Extracted data entries
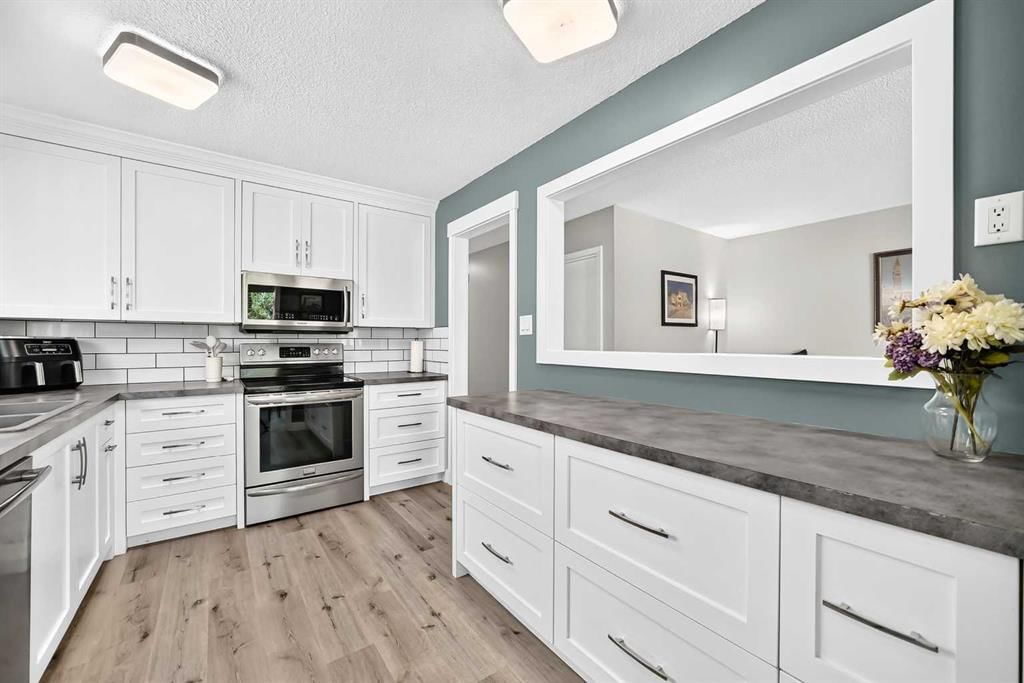 7731 47 Avenue NW, Calgary — photo 5 of 45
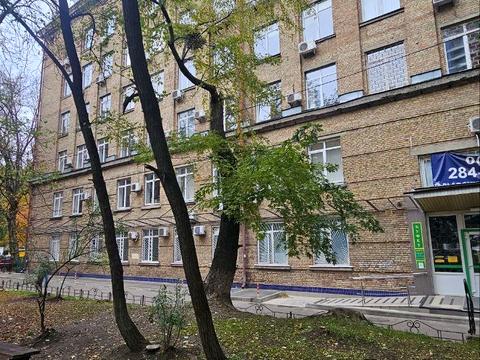 комерційна за адресою Євгена Коновальця вул. (Щорса), 31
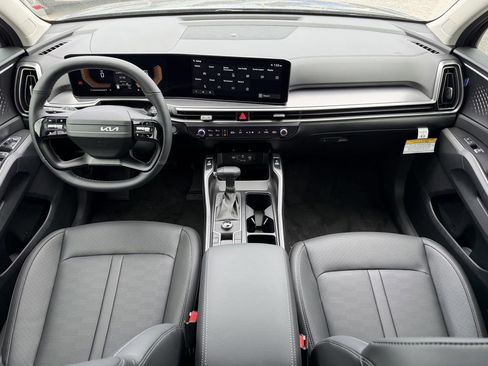 New 2026 Kia Sorento S image 12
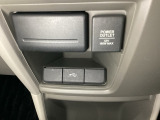 アクセサリーソケットはUSBのアダプターなどをつければ、スマホの充電にも使えます。下にはナビゲーション用の外部入力可能なUSB端子がついており、周辺には物が置けるボックスがついています。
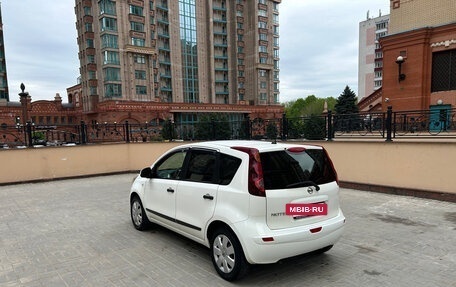 Nissan Note II рестайлинг, 2011 год, 4 фотография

§ To do: Restate the records above word for word, without the pictures.

§ Task answer:
 7731 47 Avenue NW, Calgary — photo 5 of 45
 комерційна за адресою Євгена Коновальця вул. (Щорса), 31
 New 2026 Kia Sorento S image 12
 アクセサリーソケットはUSBのアダプターなどをつければ、スマホの充電にも使えます。下にはナビゲーション用の外部入力可能なUSB端子がついており、周辺には物が置けるボックスがついています。
 Nissan Note II рестайлинг, 2011 год, 4 фотография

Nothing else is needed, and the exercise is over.